- Eu sou bonita! Eu aceito ser bonita!
Gritando seu desespero Maria conseguiu interromper os passos de Antonio.
Ele, no outro extremo da ponte, afastava-se decidido a não lançar olhar sobre os ombros. Parou de costas, a cabeça menos pesada. O grito da mulher de gestos impulsivos e coração enorme parecia oferecer algo novo.
Virou-se aos poucos, cauteloso mas inebriado pelas palavras que acabara de ouvir. Maria viu surgir de novo o rosto do homem de coração despedaçado e gestos seguros.
O peso da mochila em suas costas obrigava-o a caminhar curvado. O quasímodo particular dela. Quando ele parou bem perto, quase dentro de seus olhos, ela sorriu.
- Você é bonita, Maria! Muito bonita.
- Eu aceito, Antonio! Aceito ser bonita! Desde que a beleza dure para sempre. Somente se for para sempre!
A condição imposta e inesperada encontrou-o desprotegido. Tanto quis dela que aceitasse seus elogios, que ela os recebesse como partes de si que ele ofertava em sacrifício. Não imaginava possível haver senões à sua oferta. Não sabia lidar com objeções ao que julgava perfeito.
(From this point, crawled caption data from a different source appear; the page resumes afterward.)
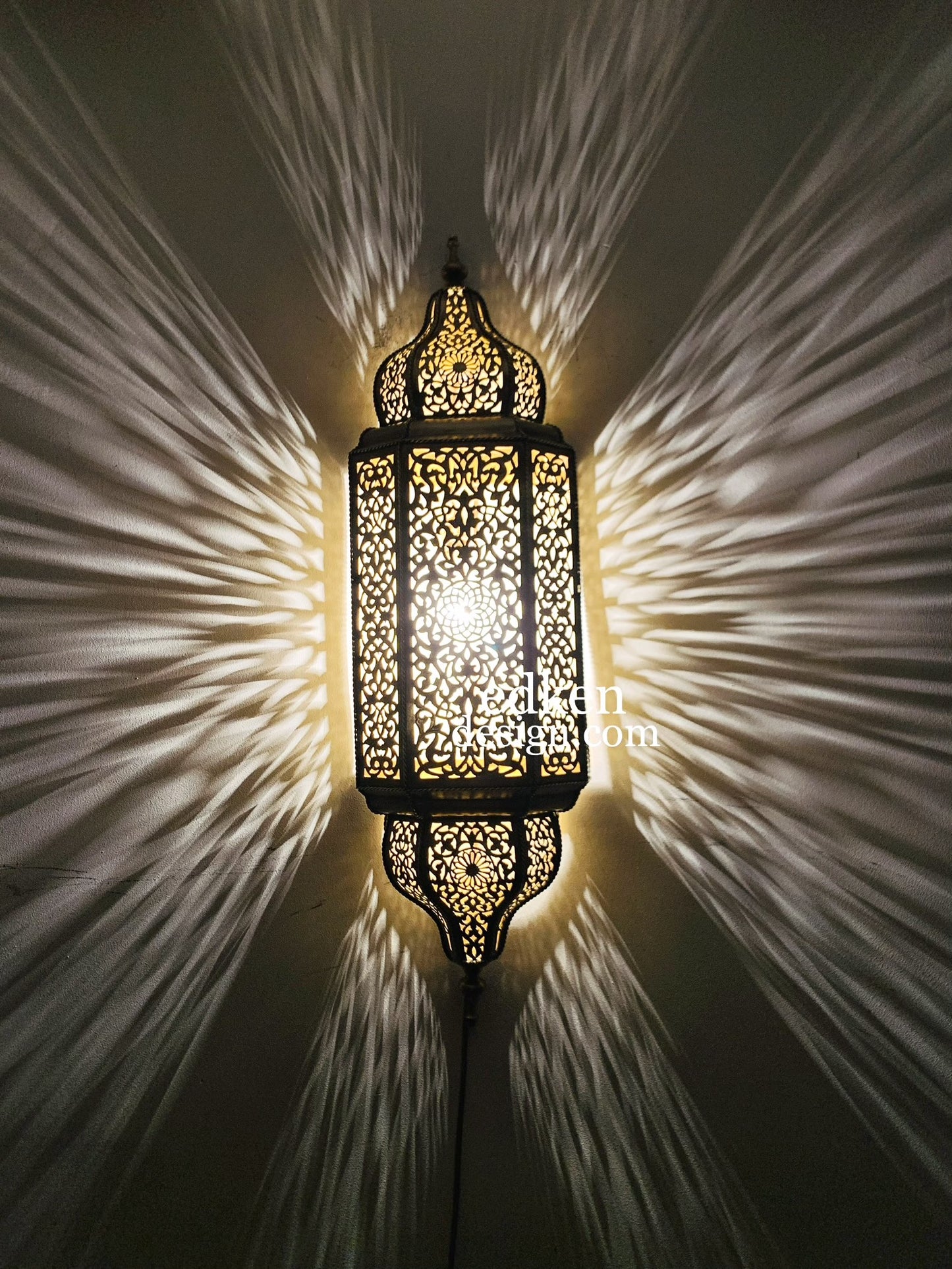 Large Moroccan wall light fixture in polished brass, ideal for luxury interior design and ambient lighting.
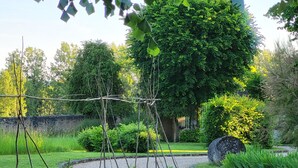 A garden with a circular gravel path, a wooden trellis structure, and various plants. - Le Plessis-Lepage "L'Atelier" **** Calm-Space-Green at Azay-le-Rideau (Azay-le-Rideau)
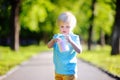 Concentrated little kid boy drawing with colored chalk on asphalt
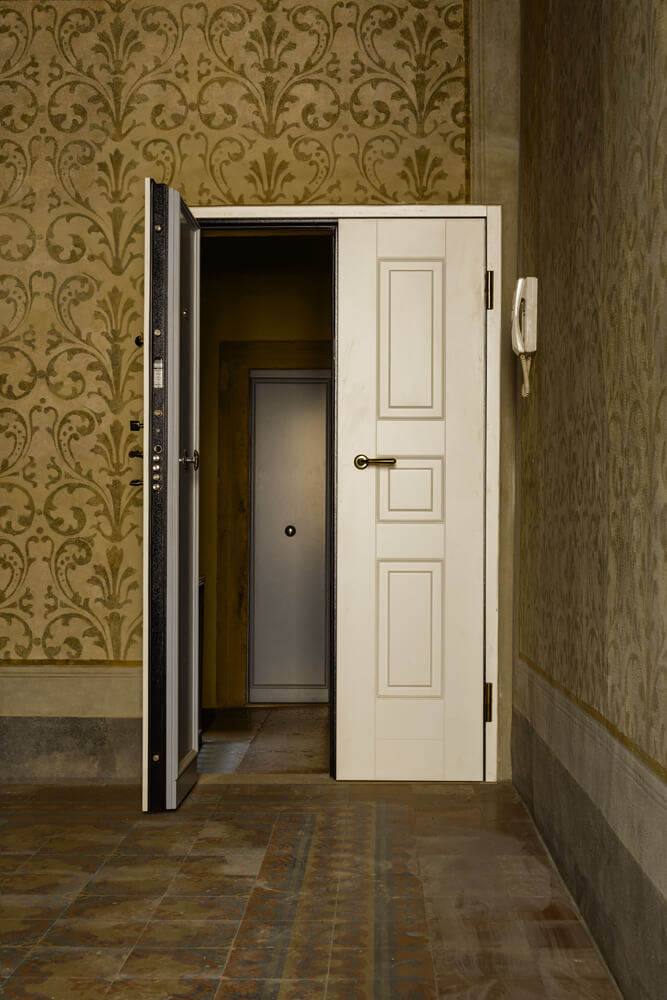 A photo of double doors leading to a master bedroom suite serving as a panic room.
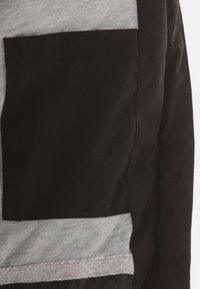 Schwarzer und grauer Jackenstoff mit einer markanten schwarzen Tasche und einem horizontalen grauen Streifen. Glatte Textur mit Nahtdetails.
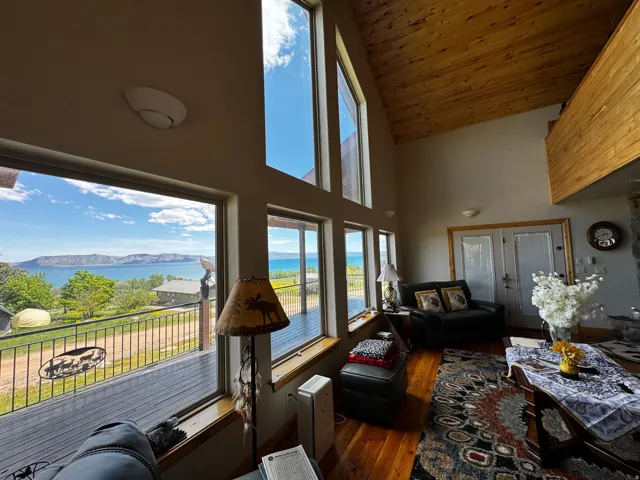 Spacious living area featuring expansive picture windows, wood-finish flooring, and an elevated wood-paneled ceiling
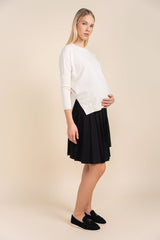 Woman wearing a white sweater and black skirt on a beige background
- Apenas se durar para sempre, Antonio! Do contrário não! Do contrário não quero!
Antonio inerte.
Nele, reação nenhuma. Há surpresa pela veemência da condição imposta pela mulher e o choro toma o rosto de Maria. As lágrimas aumentam. Antonio mudo. Não pode assegurar a eternidade da beleza de Maria.
Desesperada. Linda.
Antonio aproxima-se. Chega-lhe por seus pulsos, que agora estão seguros. Os pulsos tomados não calam o choro, não fecham a alma.
As mãos de Maria são abertas e Antonio nelas deita o próprio rosto. Sua mulher quase se afoga no próprio choro e ele sente o medo passar.
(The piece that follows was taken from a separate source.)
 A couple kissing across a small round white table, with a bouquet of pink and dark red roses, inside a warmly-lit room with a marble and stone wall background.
Olhos nos dela, as mãos nas mãos de pele clara e lisa, as unhas bem-feitas, esmalte claro. Segura com força os dedos dela, que já não respira, coração aberto. O gesto é rápido. Os olhos de Antonio, as unhas tão bem cuidadas forçadas pupila a dentro. O encontro súbito e a mistura de sangue e lágrimas. O vermelho escorre, ralo, diluído.
Ele de joelhos, ela aos poucos retorna a si.
Coloca-o nos braços entre soluços. O amor que sente não cabe na calçada daquela ponte.
Ela é bonita naquele homem. Para sempre nele.